» **Dataset content**:

»»

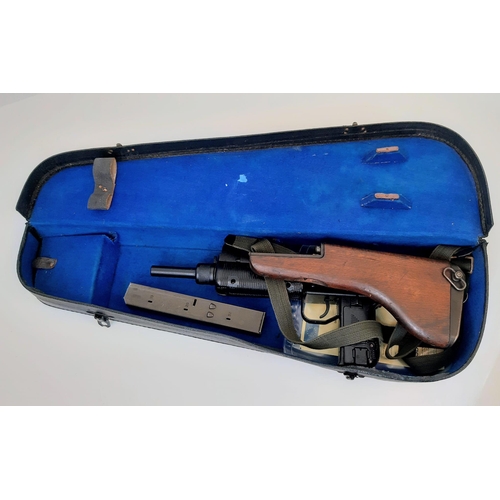 101 - A Deactivated Uzi 9mm Sub-Machine Gun. Nice condition with: Removable magazine, wood stock, sling an... 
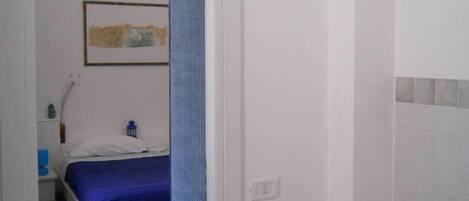 Un dormitorio con cama, mesita de noche, toalla azul, un cuadro en la pared y puerta de baño.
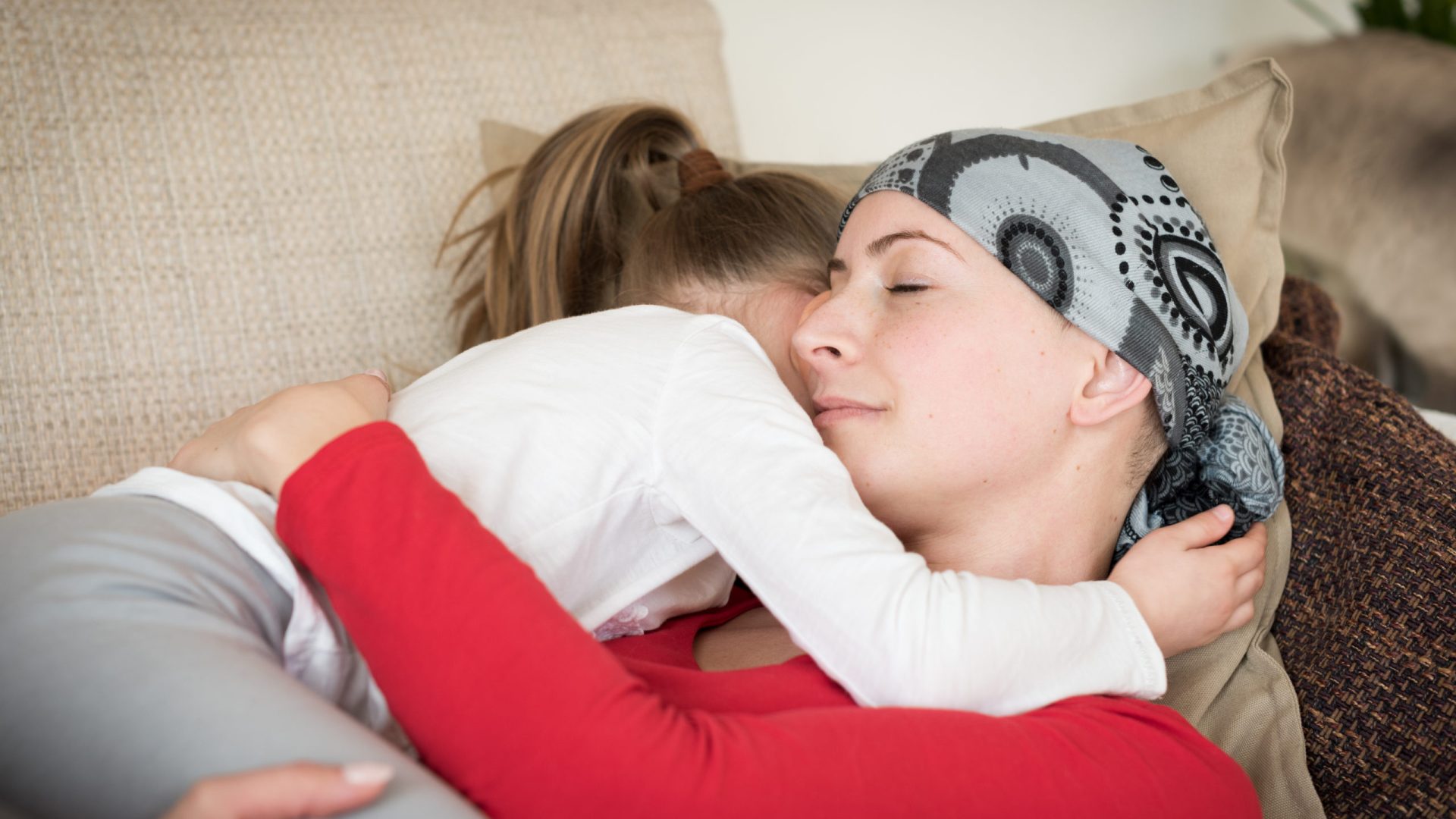 Young adult female cancer patient spending time with her daughter at home, relaxing on the couch. Cancer and family support concept.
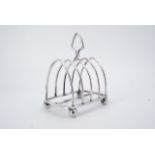 An Edwardian silver toast rack, of arcaded form, Harrison Brothers and Howson, Sheffield, 1907,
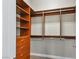 Walk-in closet with wooden shelves and drawers for optimal storage at 8209 Chapelle Ct, Las Vegas, NV 89131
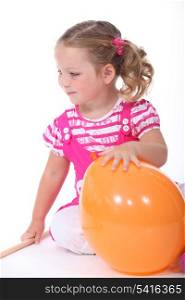 Little girl playing with balloon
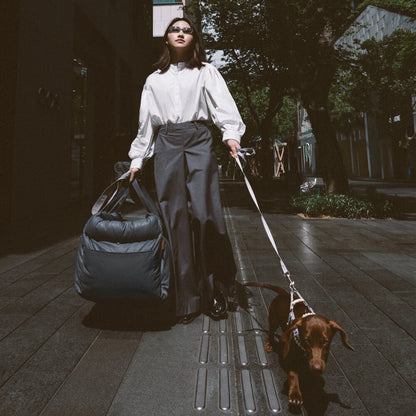 Frau mit Hund und Reisetasche auf Gehweg, modisch gekleidet, Stadtumgebung, Tageslicht.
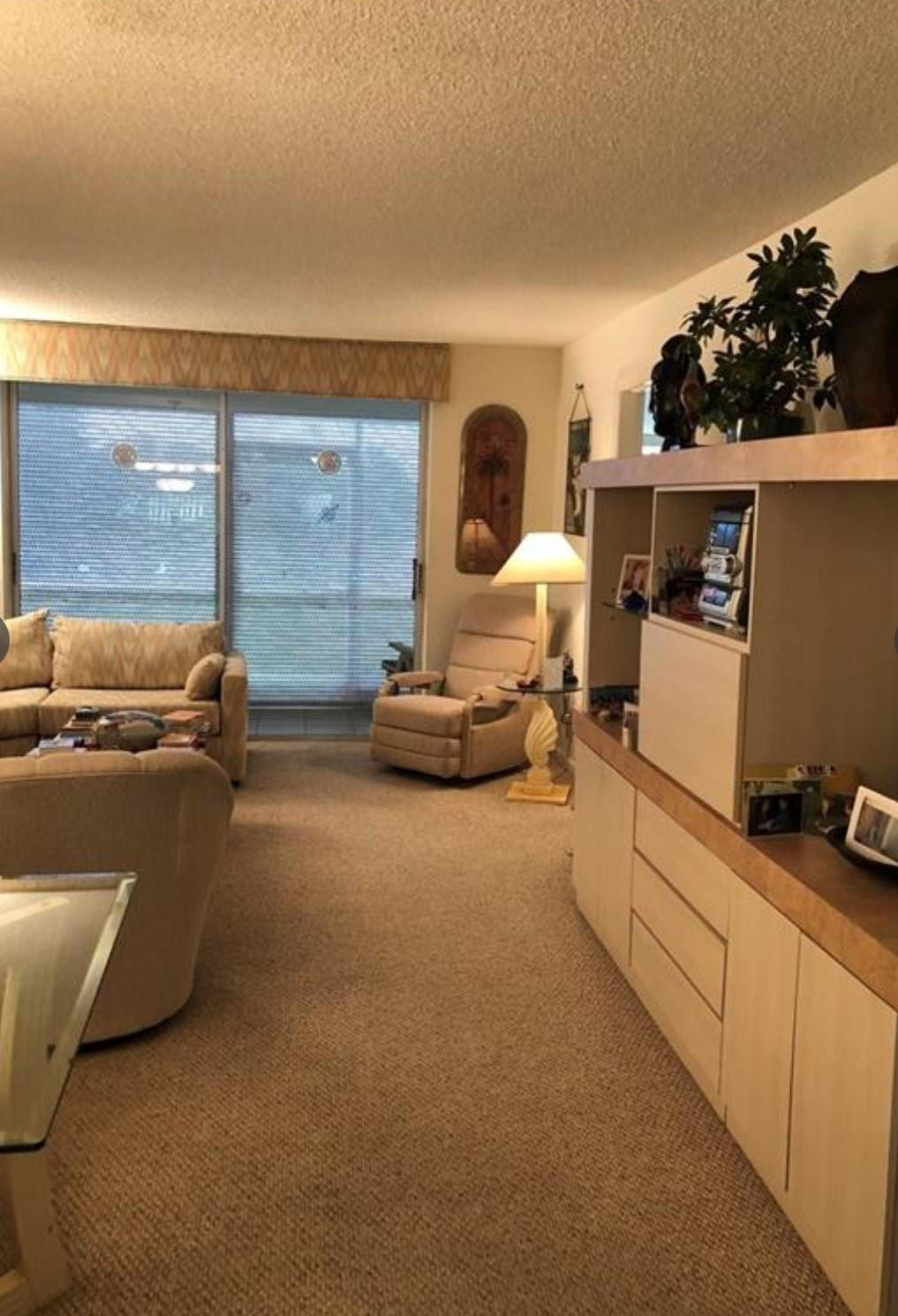 1ST FL CORNER END 2/2 UNIT WITH A LAKE VIEW IN SUNRISE. ENJOY MORNING COFFEE/TEA OR A GLASS OF WINE ON THE PEACEFUL AND QUIET ENCLOSED PATIO. THIS IS A VERY WELL-KEPT CONDOMINIUM WITH SO MUCH TO OFFER INCLUDING: TENNIS, SHUFFLEBOARD, CLUBHOUSE WITH GOLF, THEATER, BILLIARDS, EXERCISE, BINGO AND PLENTY OF ACTION. NO LEASING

««

» **What the task requires**:
Your task is to reproduce every record exactly while omitting the pictures.

» **Result below**:
 101 - A Deactivated Uzi 9mm Sub-Machine Gun. Nice condition with: Removable magazine, wood stock, sling an... 
 Un dormitorio con cama, mesita de noche, toalla azul, un cuadro en la pared y puerta de baño.
 Young adult female cancer patient spending time with her daughter at home, relaxing on the couch. Cancer and family support concept.
 An Edwardian silver toast rack, of arcaded form, Harrison Brothers and Howson, Sheffield, 1907,
 Walk-in closet with wooden shelves and drawers for optimal storage at 8209 Chapelle Ct, Las Vegas, NV 89131
 Little girl playing with balloon
 Frau mit Hund und Reisetasche auf Gehweg, modisch gekleidet, Stadtumgebung, Tageslicht.
 1ST FL CORNER END 2/2 UNIT WITH A LAKE VIEW IN SUNRISE. ENJOY MORNING COFFEE/TEA OR A GLASS OF WINE ON THE PEACEFUL AND QUIET ENCLOSED PATIO. THIS IS A VERY WELL-KEPT CONDOMINIUM WITH SO MUCH TO OFFER INCLUDING: TENNIS, SHUFFLEBOARD, CLUBHOUSE WITH GOLF, THEATER, BILLIARDS, EXERCISE, BINGO AND PLENTY OF ACTION. NO LEASING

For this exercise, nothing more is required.